How madly, in those days, he had loved Philippa! How she had filled for him heaven and earth, so that he would have risked anything, stooped to any baseness, to make her as fully his as he longed to make her! And now? He scarcely knew whether he loved her at all. He had been enraged at the sight of Nevern, certainly, but was it because heloved her? Wasn’t it rather blind resentment against the suspicion of betrayal, by Philippa at least, since Cecily no longer cared; a mad determination not to be abandoned, cast off by both women? He felt like a gambler who always loses, while his fellow-gamblers have all the luck. Lady Wilmot’s chatter beat through his brain incessantly. “Mayne, of course.” So people were really talking! He raged to know with how much truth. Then came the remembrance of her incessant harping upon his wife’s success, and its effect upon his vanity. Shame at his own lack of generosity struggled in vain with the knowledge that Lady Wilmot was right. With whatever injustice, with whatever lack of generosity, hedidresent it, even though the resentment was touched with admiration and an odd sort of pride. Robert had never achieved self-analysis quite so free from self-deception, as during that short walk under the dreaming trees.

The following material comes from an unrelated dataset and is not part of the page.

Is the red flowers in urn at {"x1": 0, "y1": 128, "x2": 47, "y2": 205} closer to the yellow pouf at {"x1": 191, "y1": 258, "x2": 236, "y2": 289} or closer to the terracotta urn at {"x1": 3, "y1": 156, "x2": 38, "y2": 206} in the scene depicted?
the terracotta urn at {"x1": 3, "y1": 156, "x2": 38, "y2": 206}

The keeper on the other side of the Park was waiting to shut the gate as he reached Hyde Park Corner, and a glance at the clock showed him that it wanted a minute to twelve. Mechanically, seeing nothing, he walked down Grosvenor Road, and on into Victoria Street,where, though the omnibuses had ceased to run, cabs still wandered, or passed one another at full speed, while an occasional motor-car shot amongst them. As he turned out of the street into the stillness of Carlisle Place, his eyes fell upon the Cathedral tower, majestic against the night sky sown with stars. Like Cecily, he felt its quietude, but only as something which accentuated the restless, uneasy tumult of his thoughts. Upstairs, when he reached the flat, the light was burning in the hall. Cecily had not returned. He felt vaguely relieved as he went straight to his room and shut the door.